• 07/30/2014
    7:15 AM
  • Rating: 
    0 votes
    Vote up!
    Vote down!

Measuring Cloud Performance Is Like Flying Blind

Legacy systems management software and tools are woefully inept at providing visibility into cloud applications and services. Here's why we need new methods.

Recently, we conducted a study asking IT teams about their current and planned use of cloud apps and services within their organizations. One point really stood out: just 17% of respondents felt like their existing tools do a good job managing and monitoring their cloud-based apps. The rest were at best ambivalent about their existing tools, or felt that they weren't up to the task.

Why? The systems management software market is mature, and includes sophisticated software and tools to manage everything from software distribution, to monitoring, to IT workflow and help desk activities. Why can't these products effectively manage cloud-based apps and services?

There are a few reasons to consider.

Infrastructure ownership and access
Prior to the emergence of cloud computing, IT's management responsibilities didn't extend much beyond the walls of the enterprise, or for larger organizations, the periphery of their corporate area network. Traditional systems management tools were built and optimized with that in mind. Administrators had direct access to network, storage, and compute "boxes" that produced ample amounts of log files or SNMP messages. So their tools only needed to tap into those data feeds, send an alert when something happened, and maybe correlate logs from multiple systems so they could search for and identify trends.

But cloud has changed all that. If you run apps on Amazon Web Services or Azure, you can access app and OS logs, but below the OS you're blind. SaaS apps are completely black box: no log files, no SNMP messages, and most likely not even a management API to interface with. If your tools rely on these mechanisms, you're stuck.

Application management and network operations
It used to be that when users experienced a problem with an application, the IT team had tools to look for reported errors from the application or network. With traditional on-premise apps, the user device, access network, and application likely all reside on the same network, so between apps tools and infrastructure tools, IT could usually find and fix issues fairly quickly.

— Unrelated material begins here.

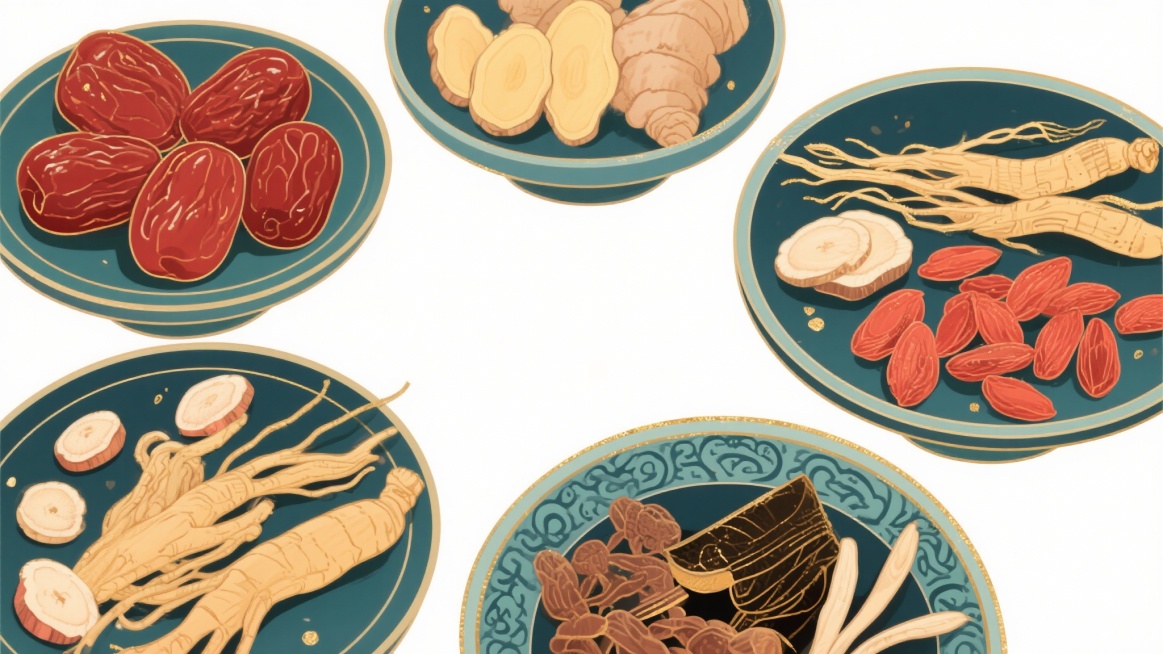 元素，插画风格，养生药膳，滋补，周围用中式碟子装着几种中药材，包括红枣、姜片、枸杞、参片等，正面视角，元素都在画面中央，显示完整，白色背景，中国风，中式插画，古画，超级好的质感，高清晰度，极致的细节，预览效果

That's not the case with cloud-based apps. Now the application is a service that must be monitored and maintained. It's built on a complex web of networks, servers, and other services, most of which fall outside the organization's firewall. An admin now must have insight into the health of the application service as well as the networks and services (like ADFS) that are key to delivery of that application service. Neither the apps or ops group has a full view of the service delivery chain anymore; so they go back and forth pointing fingers and guessing haphazardly trying to find the root cause. We call this "chasing ghosts."

The agility mismatch
Traditional systems management solutions support a healthy industry of consultants and systems integrators with official certifications and ISO-9000 compliant project plans. It's not that these tools are poorly engineered; they simply evolved with the sophistication and complexity of enterprise applications and infrastructure management over the past decade.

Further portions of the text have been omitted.